All of this suggests that cognitive stimulation should be permanent and continuous in order to maintain brain activation.
These results appear to suggest that a continued intervention for over a year may be more effective and have stabilized long-term effects. It has been documented that non-pharmacological cognitive interventions performed in groups, and not individually, also favorably influence the mood and behavior of patients with dementia [20, 28]. In our study, we found no evidence of these effects, which is likely due to the lack of sensitivity in the instruments used [48].
Limitations
This work only presents the global results from instruments used to measure alterations.

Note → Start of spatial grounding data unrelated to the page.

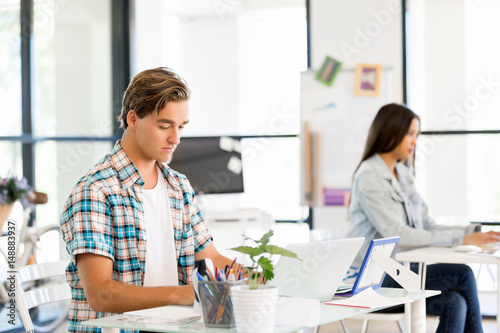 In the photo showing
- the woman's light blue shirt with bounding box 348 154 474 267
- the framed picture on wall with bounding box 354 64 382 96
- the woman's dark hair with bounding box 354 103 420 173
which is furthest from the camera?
the framed picture on wall with bounding box 354 64 382 96

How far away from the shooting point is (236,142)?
484 centimetres

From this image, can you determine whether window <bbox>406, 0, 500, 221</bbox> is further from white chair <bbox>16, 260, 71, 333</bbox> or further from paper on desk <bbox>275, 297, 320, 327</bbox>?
paper on desk <bbox>275, 297, 320, 327</bbox>

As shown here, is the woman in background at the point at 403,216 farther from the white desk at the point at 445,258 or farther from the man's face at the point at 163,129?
the man's face at the point at 163,129

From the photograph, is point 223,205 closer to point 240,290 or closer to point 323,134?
point 323,134

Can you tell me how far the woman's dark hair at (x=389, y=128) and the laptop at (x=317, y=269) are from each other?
169 cm

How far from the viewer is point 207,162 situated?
4.68m

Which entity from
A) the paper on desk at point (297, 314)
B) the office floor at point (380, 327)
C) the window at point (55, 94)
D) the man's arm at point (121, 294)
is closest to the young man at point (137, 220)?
the man's arm at point (121, 294)

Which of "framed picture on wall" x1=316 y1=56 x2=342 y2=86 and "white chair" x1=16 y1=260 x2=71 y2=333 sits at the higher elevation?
"framed picture on wall" x1=316 y1=56 x2=342 y2=86

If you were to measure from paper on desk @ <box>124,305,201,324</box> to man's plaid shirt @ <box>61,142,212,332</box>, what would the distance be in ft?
0.48

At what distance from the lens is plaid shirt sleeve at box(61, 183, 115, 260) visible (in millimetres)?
1826

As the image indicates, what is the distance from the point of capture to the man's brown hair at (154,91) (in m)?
1.97

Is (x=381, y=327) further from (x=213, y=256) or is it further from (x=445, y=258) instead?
(x=213, y=256)

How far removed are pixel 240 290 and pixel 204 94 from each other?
428 cm

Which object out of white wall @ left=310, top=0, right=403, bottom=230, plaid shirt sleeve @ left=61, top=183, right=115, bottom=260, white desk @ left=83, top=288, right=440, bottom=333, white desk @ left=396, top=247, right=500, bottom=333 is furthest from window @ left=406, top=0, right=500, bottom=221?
plaid shirt sleeve @ left=61, top=183, right=115, bottom=260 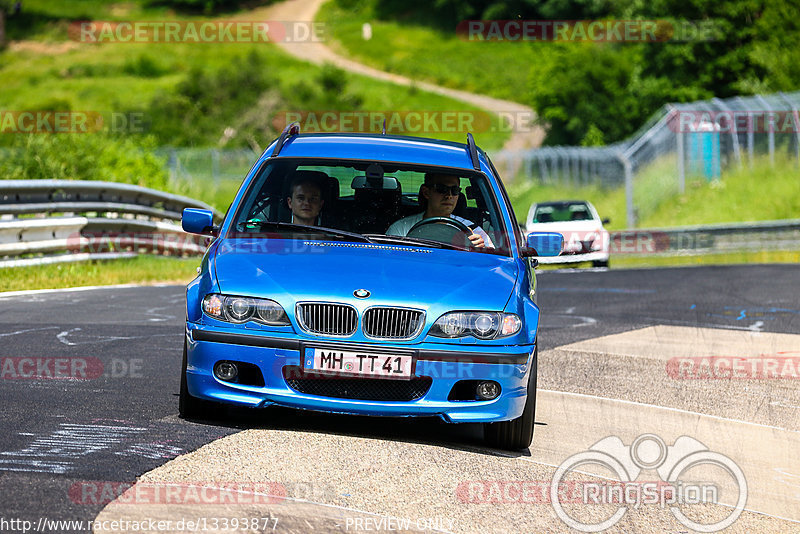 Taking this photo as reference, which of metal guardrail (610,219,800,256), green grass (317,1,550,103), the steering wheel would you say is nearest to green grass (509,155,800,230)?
metal guardrail (610,219,800,256)

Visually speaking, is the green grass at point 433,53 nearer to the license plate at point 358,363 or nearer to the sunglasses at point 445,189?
the sunglasses at point 445,189

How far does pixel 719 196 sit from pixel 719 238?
8.45 meters

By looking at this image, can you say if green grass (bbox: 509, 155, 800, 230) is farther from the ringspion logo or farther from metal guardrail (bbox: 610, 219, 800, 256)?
the ringspion logo

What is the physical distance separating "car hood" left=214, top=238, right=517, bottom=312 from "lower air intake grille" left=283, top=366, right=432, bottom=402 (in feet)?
1.23

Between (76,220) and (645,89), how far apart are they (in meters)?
41.4

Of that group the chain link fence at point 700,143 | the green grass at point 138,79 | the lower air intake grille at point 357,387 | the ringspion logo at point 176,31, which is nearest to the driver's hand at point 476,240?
the lower air intake grille at point 357,387

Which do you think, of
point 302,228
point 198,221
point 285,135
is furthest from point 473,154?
point 198,221

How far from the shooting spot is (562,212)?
27.0 meters

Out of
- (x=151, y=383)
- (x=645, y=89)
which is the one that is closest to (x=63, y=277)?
(x=151, y=383)

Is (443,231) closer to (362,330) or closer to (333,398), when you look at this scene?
(362,330)

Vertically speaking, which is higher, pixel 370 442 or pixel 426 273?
pixel 426 273

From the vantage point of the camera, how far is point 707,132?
3759 centimetres

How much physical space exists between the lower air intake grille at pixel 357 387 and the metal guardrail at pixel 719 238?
75.2 ft

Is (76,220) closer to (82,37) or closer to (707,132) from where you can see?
(707,132) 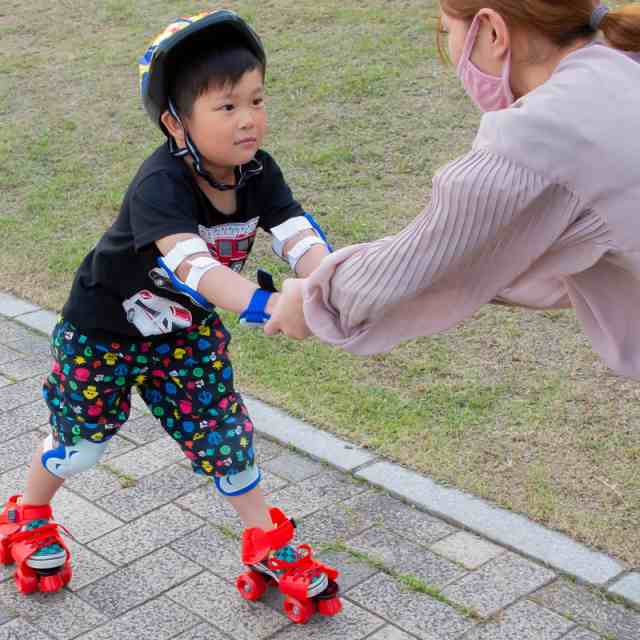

It is important to determine the cognitive areas that showed a greater change after the intervention. This would allow for studies to improve, focusing on the functions that should be preserved in patients with dementia, namely a better quality of life and a functional state for a longer period of time. This would reduce the patient’s dependence as well as the social and institutional cost of mild stage dementia.
It is necessary to carefully examine the effect of a combined cognitive intervention on specific cognitive domains, such as memory, language, thought, and executive function. Cognitive functions must also be analyzed to establish the level of cognition where this intervention is the most effective. Given that this is a long-term intervention and the adherence to treatment was not measured, it is impossible to specify whether the same effect could be obtained in a shorter period. Furthermore, the logistics of participation were very demanding for the intervention group. Attending all the sessions may have been difficult for some patients, especially those whose caregivers were busy or who lived far from IMSS facilities or suffered from functional decline.
Conclusions
The results of our study show that the non-phar-macological intervention with a multicomponent program of cognitive stimulation improves cognitive function and delays the progression of impairment in people diagnosed with mild dementia by at least two years. In addition, this intervention is a good alternative for the care of the geriatric population in public health services. The multicomponent intervention of cognitive stimulation, called SADEM, is an original study and there are no similar works reported in Mexico. Given that the participants were selected from a population study, the results should be representative of patients with dementia.
The results and conclusions drawn from this research could be the basis of future cognitive stimulation therapies in hospitals and community care facilities, and the implementation of these treatments will be affordable for the population.